Well, Madison was merely executing the will of congress here. Still, he should have vetoed it if he thought it unconstitutional. Did preparations for war overturn any concern for the constitution? I don’t think so. Madison continually warned about how war was used as an instrument to destroy liberty. ”The means of defense against foreign danger historically have become the instruments of tyranny at home.” I don’t think he’d make any constitutional exceptions just because there was a war going on.
The day of Prayer does not prefer any religion above another. Like Thanksgiving, prayer goes across cultures. But what about those people who don’t believe in prayer? Are they excluded by such a day? Was Madison, or the Congress he was presiding over, not establishing religion by proclaiming a day of prayer?
Well, I don’t know yet what Madison or his congress was thinking then. There are all kinds of national days that don’t ‘include’ everybody, some people are too grumpy to be thankful for anything on Thanksgiving for instance.
Still, I can’t help but think perhaps they were a bit like my high school football coaches. Before a game, one coach used to say “everyone in his own way” and he’d bow on one knee, close his eyes, and perhaps say a silent prayer. If I remember correctly, those of us who weren’t very religious just stood there, in respectful silence.

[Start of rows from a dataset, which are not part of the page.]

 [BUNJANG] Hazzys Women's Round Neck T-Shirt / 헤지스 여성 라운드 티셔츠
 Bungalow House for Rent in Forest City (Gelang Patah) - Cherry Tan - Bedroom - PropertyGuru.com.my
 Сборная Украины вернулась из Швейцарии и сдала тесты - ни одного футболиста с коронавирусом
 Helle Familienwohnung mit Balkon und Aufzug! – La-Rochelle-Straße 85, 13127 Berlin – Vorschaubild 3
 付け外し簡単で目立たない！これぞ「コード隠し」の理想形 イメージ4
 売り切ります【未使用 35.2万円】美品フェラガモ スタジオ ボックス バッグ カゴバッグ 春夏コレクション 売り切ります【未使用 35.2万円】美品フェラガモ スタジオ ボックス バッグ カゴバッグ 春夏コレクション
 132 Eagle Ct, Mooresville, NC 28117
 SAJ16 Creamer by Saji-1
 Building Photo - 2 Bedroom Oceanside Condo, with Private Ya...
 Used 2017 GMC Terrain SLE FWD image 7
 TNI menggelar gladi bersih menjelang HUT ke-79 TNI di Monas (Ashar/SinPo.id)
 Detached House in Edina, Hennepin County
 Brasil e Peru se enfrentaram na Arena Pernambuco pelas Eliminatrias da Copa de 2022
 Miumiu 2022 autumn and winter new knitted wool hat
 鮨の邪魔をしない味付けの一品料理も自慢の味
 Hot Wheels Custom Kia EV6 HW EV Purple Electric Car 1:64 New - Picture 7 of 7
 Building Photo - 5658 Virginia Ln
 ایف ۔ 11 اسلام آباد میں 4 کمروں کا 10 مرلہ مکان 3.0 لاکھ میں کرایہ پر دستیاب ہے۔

Later, another coach had a moment’s mediation in the locker room. I didn’t think of it as a prayer at the time, but I remember at least one teammate dropping his head and putting his hands together. Personally, I just used that time to try and see if I could go through the plays in my head. I also tried to clear my mind a few times, so I could be more focused when the game started.
Since most everyone else seemed to be closing their eyes (and maybe the coach asked us to) I remember doing it as well.
I wonder what anybody who didn’t really pray did during Madison’s proclaimed National Day of Prayer. Did they go to National Day of Prayer sales and get used vehicles and cheap clothes? Probably not. Did they decide to give prayer a chance, to pray for their country as it entered a war (or in later national prayer days, as it continued in war)? It seems that some might have, but these were probably people who had prayed before.
When they were surrounded by others who prayed, a few who didn’t pray could have just tried it for the first time, but did they? I haven’t found any evidence that this National Day helped to increase religious awareness in America.
I think the day was similar to Thanksgiving is today, as other proclaimed days of prayer had Thanksgiving mentioned alongside prayer. Those who were inclined to see prayer as a good thing, but perhaps didn’t take the time to do it, now had no excuse. Those who didn’t see the point continued to chop wood, play the lute, or otherwise treat it as any other day.
Perhaps they just stayed quiet for a few moments, if not in respect to an outside being who they didn’t know, then in respect to those who were praying around them.